Optical micrographs of (a) as cast, (b) strain rate of 1 mm/min, (c) 1.5 mm/min, and (d) 2 mm/min for 3-mm-thick plate for one pass

Fig. 2
figure 2

Optical micrographs of (a) as cast, (b) 1 pass, (c) 3 passes, and (d) 5 passes for 4-mm-thick plate at strain rate of 1.5 mm/s

Fig. 3
figure 3

Optical micrographs of plate thickness of (a) 3 mm, (b) 4 mm, and (c) 5 mm at strain rate of mm/min and two passes

The improvement of the mechanical properties is attributed to the difference in microstructures between as-received and RCS aluminum specimens. Grain size decreased and grain was refined during the progress of RCS. Grain refinement can affect mechanical properties of polycrystalline materials.6 The classical effect of grain size on hardness can be explained by the Hall–Petch model7:

$$ H = H_{0} + kd^{ - 0.5} $$

where H 0 is the hardness constant, k the constant, and d is the diameter of the grain. The Hall–Petch effect in grain refinement materials is attributed to the grain boundaries acting as efficient obstacles to dislocations. Consequently, a dislocation pile-up can be formed against a grain boundary inside a grain.

ANOVA Results

The ANOVA has been performed to predict the statistical significance of the process parameters. It helps to determine the effect of individual input parameter on output parameters. The results of ANOVA presented for RCS in Table IV indicate the percentage contribution (P) of each factor on the total variation with their degree of influence on the result. The table shows the influence of strain rate (A = 0.9%), number of passes (B = 77.8%), and thickness of the plate (C = 12.1%). The pooled error is 0.009%.

Table IV ANOVA for Multiple Performance Characteristics

Based on the results presented in Table IV, the number of passes is found to be the most influencing process parameter, followed by plate thickness and strain rate (Fig. 4). The ranking of process parameters generated by the conduct of Taguchi method is shown in Table IV.

Fig. 4
figure 4

Contribution in % most influencing parameters for physical properties of RCS

Conclusion

  • It is demonstrated that the extrusion strain rate of RCS for aluminum alloy must be higher than the eutectoid reaction temperature of the alloy. The alloy has a more homogeneous fine-grained structure than the as-received one, and some equiaxed grains occur in some areas. The fraction volume of the second phase increases after one pass, while it does not increase during the subsequent pass.
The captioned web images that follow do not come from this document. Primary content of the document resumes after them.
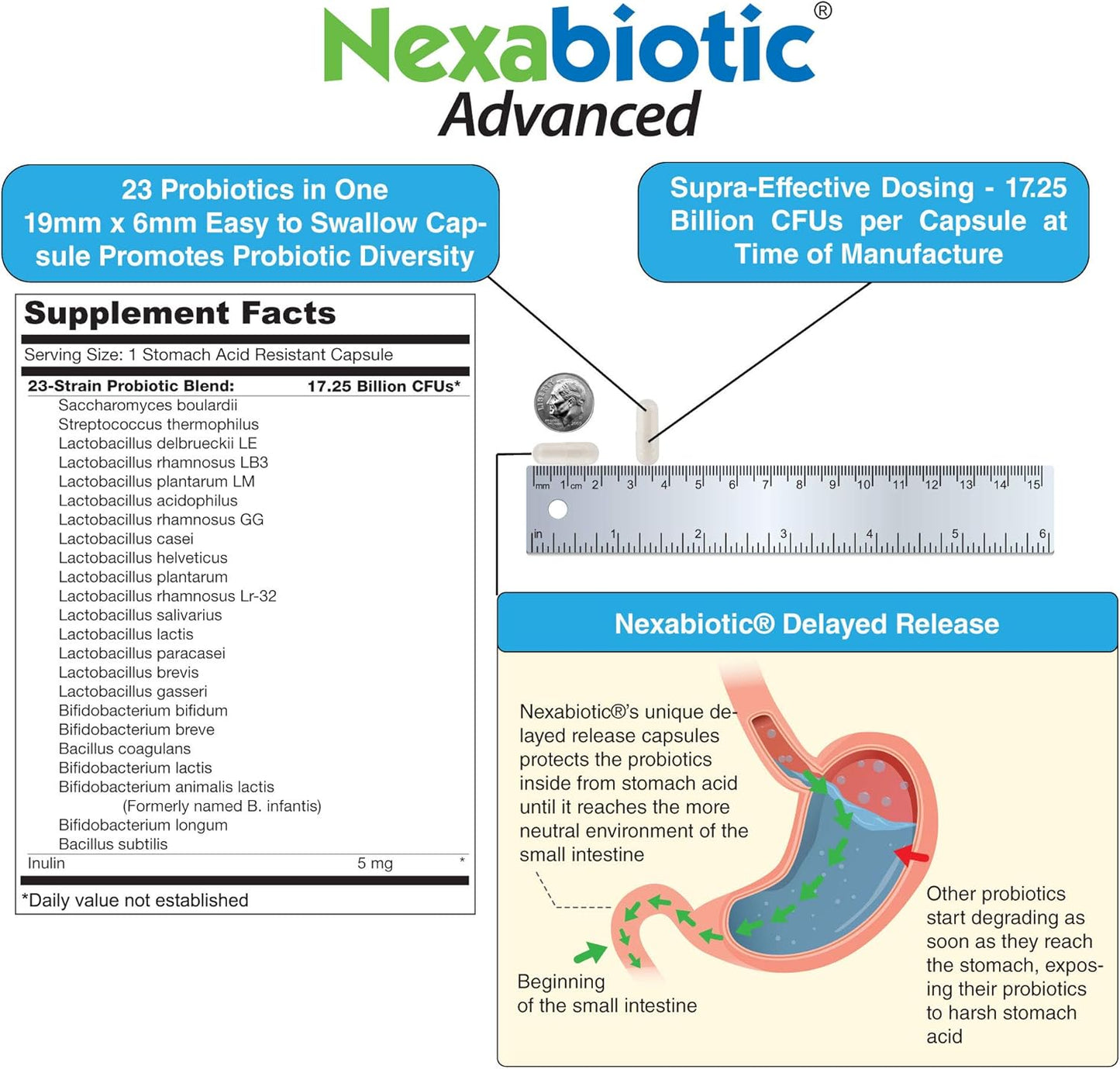 DrFormulas Nexabiotic 23 Multi Probiotic with 17.25 Billion CFUs - Formulated for Women and Men with Key Probiotic Strains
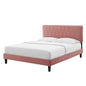 Phillipa Performance Velvet Full Platform Bed, Velvet, Pink, 22955
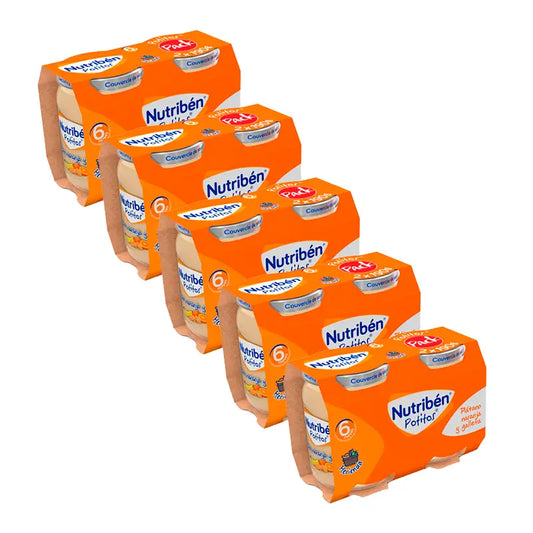 Nutriben Pack Pot Snack Banane, Orange und Keks 5 X 2 X190 Gr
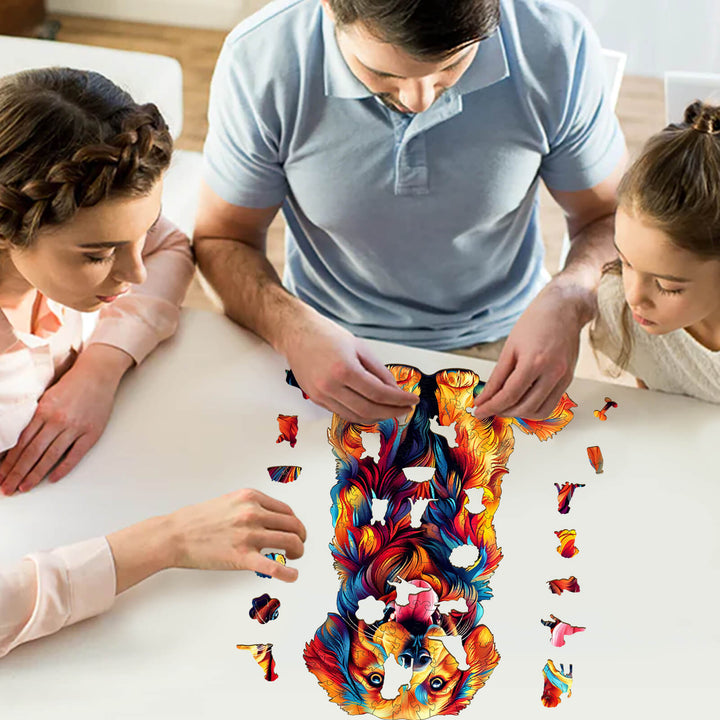 Colorful Golden Retriever Wooden Jigsaw Puzzle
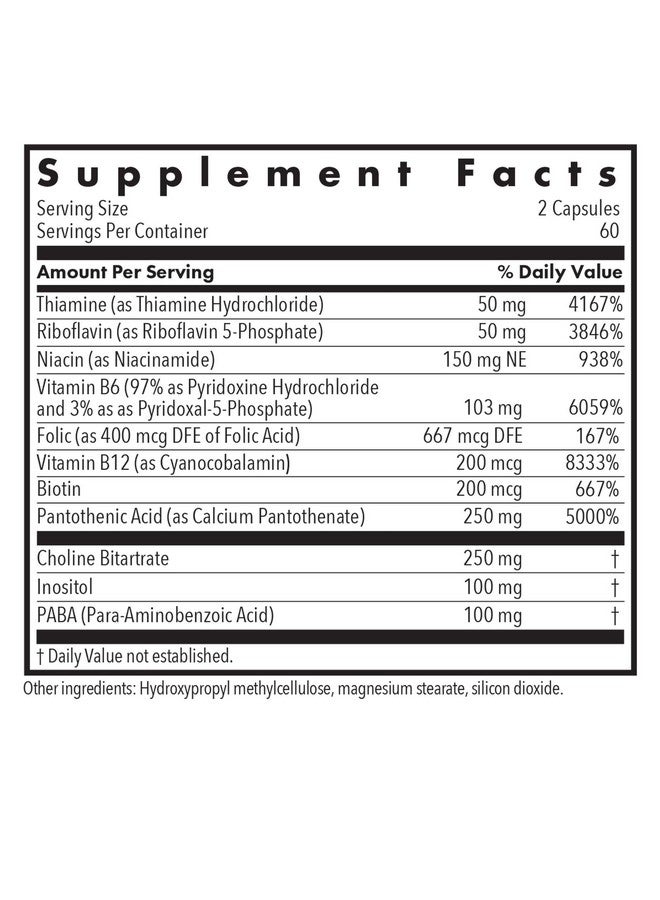 اليرجي ريسيرتش جروب مجموعة أبحاث الحساسية - فيتامين ب المركب الفائق - فيتامين ب للرجال والنساء، مكمل فيتامين ب، فيتامين ب12، فيتامين ب6، كبسولات نباتية، خالية من الذرة والخميرة - 120 كبسولة - Image 3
  • From the Taguchi gray relational analysis, it is concluded that, at 99% confidence level, the number of passes has the highest contribution toward the response values obtained, and the strain rate occupies the second highest contribution rate.

  • The probability of contribution for number of pass and strain rate is 77.8% and 12.1%.

  • The remaining parameters such as specimen thickness and combining effects of strain rate, number of passes, and thickness is less significant toward the response values.